PROBLEM STATEMENT:
Return all of the data exactly, with nothing left out but the pictures.

DATA EXTRACT:
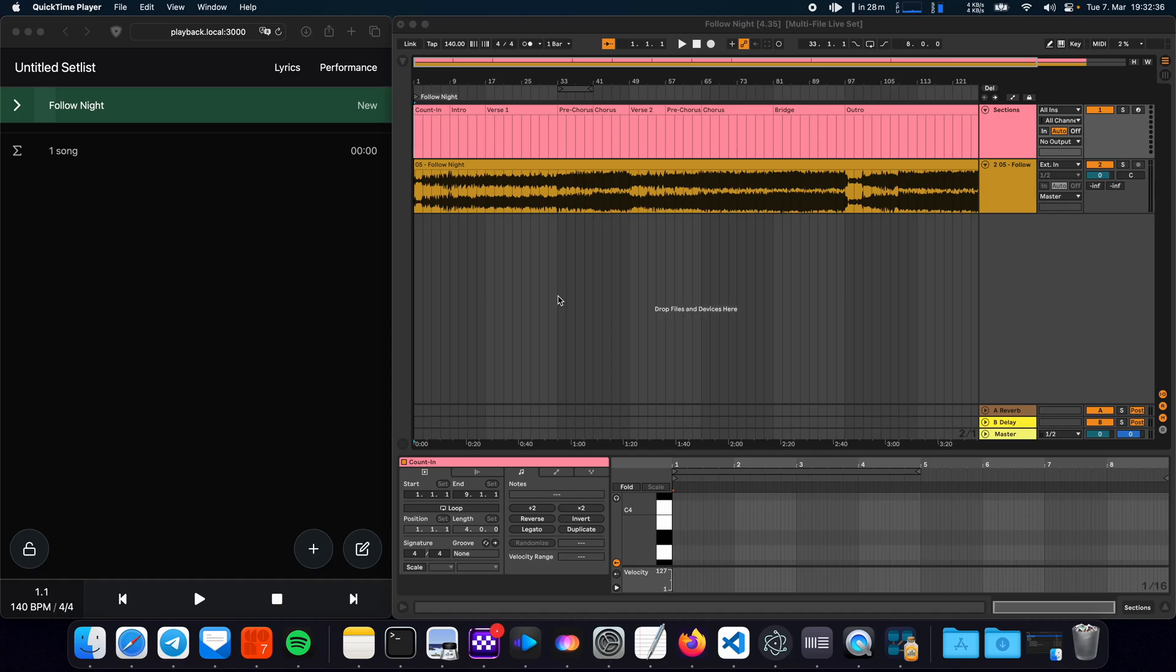Hey this is Leo and in this video I want to give you a preview of another feature that is coming to Ableset 2 and that is multifile projects.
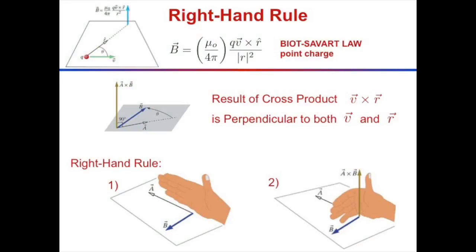To get the cross product of two vectors — say a cross b — point your hand parallel to a, curl your fingers in the direction of b, and then your thumb points in the direction of a cross b.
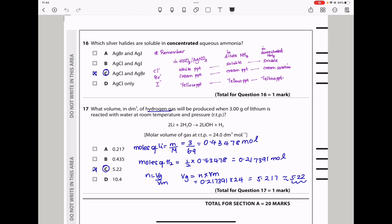Question 17: What volume in dm³ of hydrogen gas will be produced when 3.00 grams of lithium reacts with water at RTP, given the molar gas volume at RTP is 24 dm³/mol? Moles of lithium = 3.00 ÷ 6.941 ≈ 0.4325 mol. The mole ratio of Li to H₂ is 2:1, so moles of H₂ = 0.4325 ÷ 2 ≈ 0.2174 mol. Volume of H₂ = 0.2174 × 24 ≈ 5.22 dm³. The answer is C.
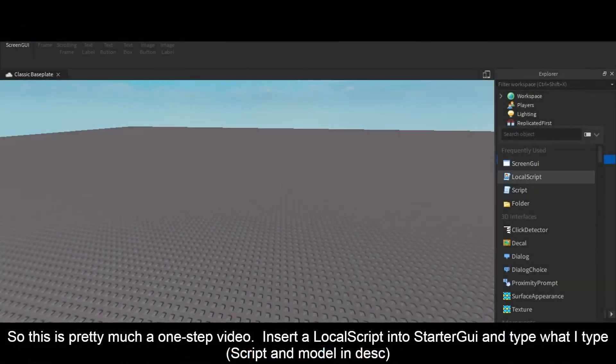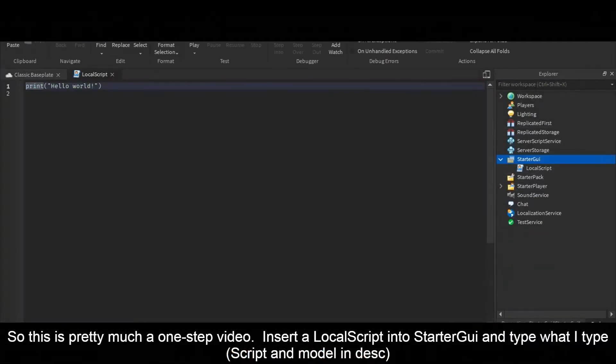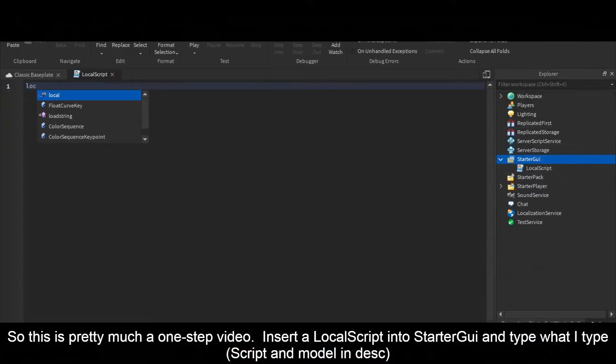This is pretty much a one-step video. Insert a local script into starter GUI and type with script — it's all in the description.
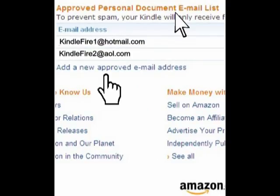Now scroll down to Approve Personal Documents email list. Click on Add a new approved email address that you want to give permission to send documents to your Kindle Fire. Finally, click Add.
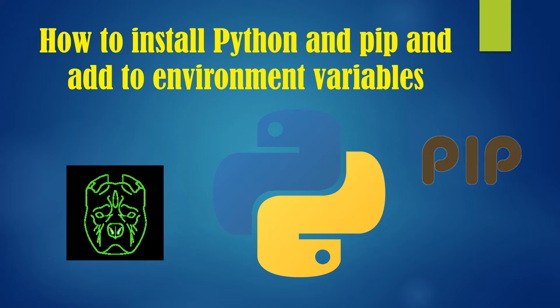Hi guys, welcome to my YouTube channel. Today I'm going to be showing you how to install the Python and pip programs and then how to add them to the Windows environment variables. Here we go.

REPLY:
Hey this is Leo and in this video I want to give you a preview of another feature that is coming to Ableset 2 and that is multifile projects.
To get the cross product of two vectors — say a cross b — point your hand parallel to a, curl your fingers in the direction of b, and then your thumb points in the direction of a cross b.
Question 17: What volume in dm³ of hydrogen gas will be produced when 3.00 grams of lithium reacts with water at RTP, given the molar gas volume at RTP is 24 dm³/mol? Moles of lithium = 3.00 ÷ 6.941 ≈ 0.4325 mol. The mole ratio of Li to H₂ is 2:1, so moles of H₂ = 0.4325 ÷ 2 ≈ 0.2174 mol. Volume of H₂ = 0.2174 × 24 ≈ 5.22 dm³. The answer is C.
This is pretty much a one-step video. Insert a local script into starter GUI and type with script — it's all in the description.
Now scroll down to Approve Personal Documents email list. Click on Add a new approved email address that you want to give permission to send documents to your Kindle Fire. Finally, click Add.
Hi guys, welcome to my YouTube channel. Today I'm going to be showing you how to install the Python and pip programs and then how to add them to the Windows environment variables. Here we go.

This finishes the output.